Saturday, September 6, 2014

Finding our inner mongol

Sunday 17–Wednesday 20 August 2014

Unless you’re especially geo-politically informed or have a particular interest of some kind, chances are your knowledge of Mongolia is pretty menial. I’ll confess that the majority of what I knew about the country before I actually visited it came from playing the informative (if dubiously voiced) Genghis Khan campaign on Age of Empires II: Age of Kings* as a pre-teen, and therefore I'm about eight hundred years behind … 

Although, judging from Genghis (or 'Chinghis') Khan's apparent continuing status as the dominant national icon, not too much has been going on since those days.
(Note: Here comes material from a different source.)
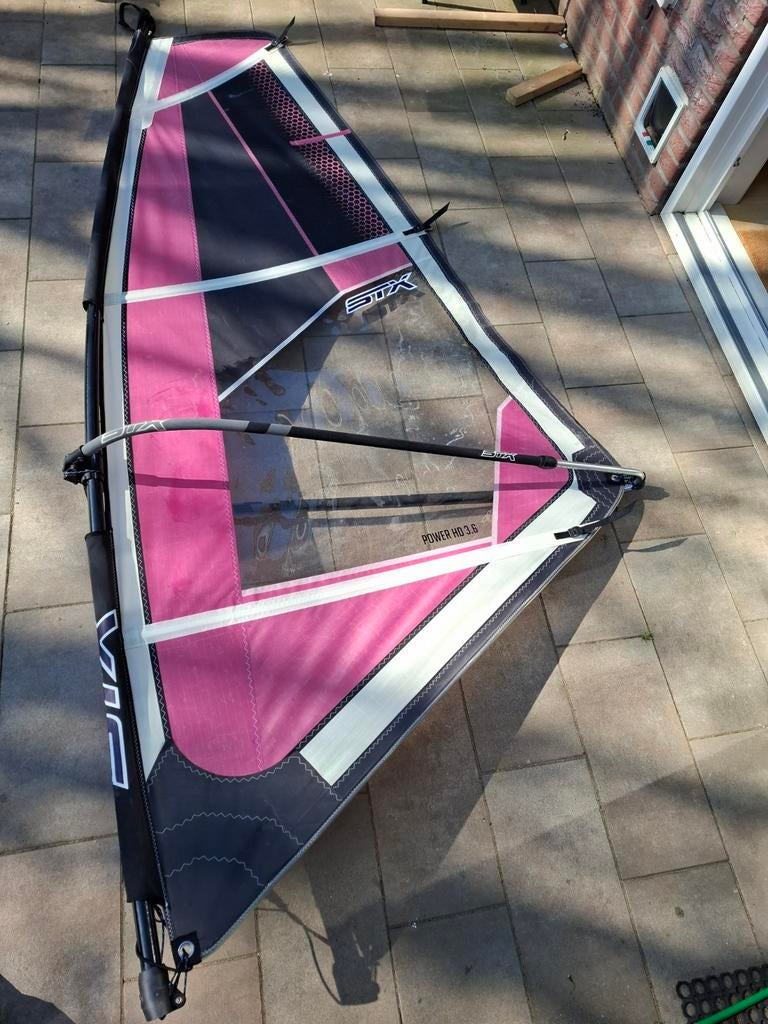 Complete windsurf zeilen STX en zgan wetsuits van Pro-Limit!, Ophalen of Verzenden, Complete set, Minder dan 5 m²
*Age of Empires, I will say, is a form of historical education that should not be disparaged. That game can probably take most of the credit for my impressive performance in Year Eight History.

But apart from videogame-derived historical knowledge, my main impression of contemporary Mongolia could probably have been summed up by a few synonymous adjectives, such as 'barren' or 'desolate'.  I really didn't expect much and, once again, as with Beijing, negligible expectations only made us all the more impressed with what we found. Having finished the trans-Siberian, I can now say with certainty that Mongolia was the highlight of the trip. To my short list of epithets for the nation I would now be compelled to add 'beautiful'. Contrary to my bleak expectations, the country is astoundingly picturesque:

Every time the train would make a lefthand turn we'd all scramble to stick our phones and cameras out the window and get a shot of it passing through the countryside.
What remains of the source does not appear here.